COVID-19 is a real threat. It's killing many and making many more ill. But that doesn't mean media won't capitalize off a scary event, which means amplification and even distortion of fact. Above, I said the Spanish Flu was 100 times worse than COVID-19 on a percentage basis. Now, that doesn't mean I think it's nothing to worry about, but I do think that the distortion occurs in all media – including financial. Here's how I think big stories resolve:

  • Doom-and-gloomers expect dismal second quarter earnings and many through to the third quarter. But I believe that third quarter results will be strong on a sequential basis.
  • America's polarizing reopening debate will begin to settle. States are forced to take things more seriously, with some requiring masks, and carefully handling the school reopening question.
  • Stock market bears will find disappointment yet again. The full year of 2020 will find the S&P 500 somewhere between flat and +7%. Let's take the middle and call it a +3.5% year. 

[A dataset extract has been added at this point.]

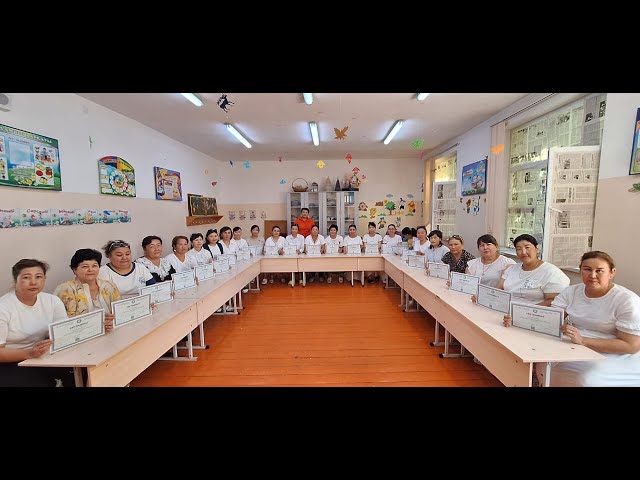 Роботтағы секс-машина Айстың әйелі жалаңаш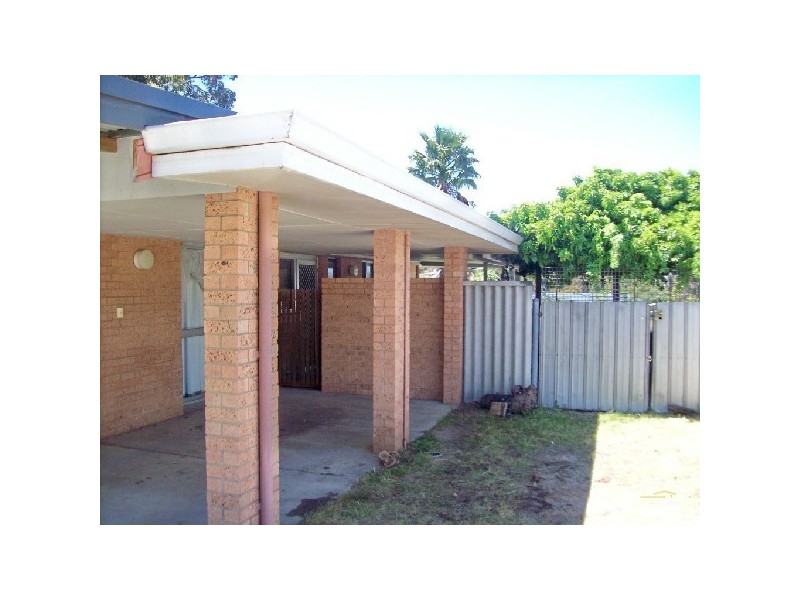 13 Shannon Way, Collie WA 6225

I believe that stocks will continue to find support from several factors:

  • I assume a Trump re-election. It's a highly charged topic, but I'm unemotionally giving my assumption based on precedent and the current landscape.
  • I believe that a vaccine for COVID-19 will arrive sooner than markets anticipate. Hundreds of firms worldwide are working on possibly the biggest blockbuster drug of all time. Jonas Salk created the Polio vaccine but selflessly gave it to the public domain for the greater good. I doubt modern capitalism will do the same.
  • The Fed will continue shadowy support for stocks. It has bought troubled bonds, exchange-traded funds (ETFs), and historically took equity ownership in "too big to fail" entities. I believe that the Fed might even begin to directly purchase stocks to calm frazzled markets, if necessary.
  • That said, we should see one healthy and moderately scary market pullback before year end. That will be a buying opportunity for savvy investors big and small.

Technology has been the biggest driver of market strength this year. My research firm looked at which sector got the most appearances on our top 20 buy report in the past six months. Look how much was tech:

Chart showing MAP50 sector exposure

Health care was second largest. Big money is flowing to those two sectors. That should continue. Cloud computing, remote office, and social media drive tech commerce. Health care continues to collect capital in pharmaceuticals and biopharma firms, providing ongoing treatment and research and development (R&D) for vaccines.

Big Money in 2020

The 15-year average daily big money signals are 63 buys and 48 sells. This year has seen the expected daily average of 63 buys. However, average daily selling spiked to 85. That number was immensely skewed by huge selling from Feb. 24 to March 23. During that 21-day period, we saw an astounding 10,141 sell signals: and average of 482 per day!

Huge selling has historically preceded market rips the past 30 years. I called a market bottom for Friday, March 20. It happened on Monday, March 23. The S&P 500 then rallied 43%. 

Big money has been buying ever since. The anticipated pause came, but the selloff didn't. Buyers returned recently, but sellers should cause a pullback before year end: a buying opportunity.

I believe that the best is yet to come for the United States. We may have much to fear: an unstable political landscape, social unrest, massive unemployment, and a deadly virus threatening our health. But we've seen it before, and we've been through worse. Each time we triumphed.

I see the glass half full. Others see danger, sadness, and fear: a glass half empty. It's all perspective. George Carlin had a way to illustrate everything is relative. He said: "Some people see the glass half full. Others see it half empty. I see a glass that's twice as big as it needs to be."

The Bottom Line

We (Mapsignals) are bullish on high-quality U.S. equities in the long term, and we see market pullbacks as areas to pick up great companies. 

Disclosure: The author holds no positions in any mentioned securities at the time of publication.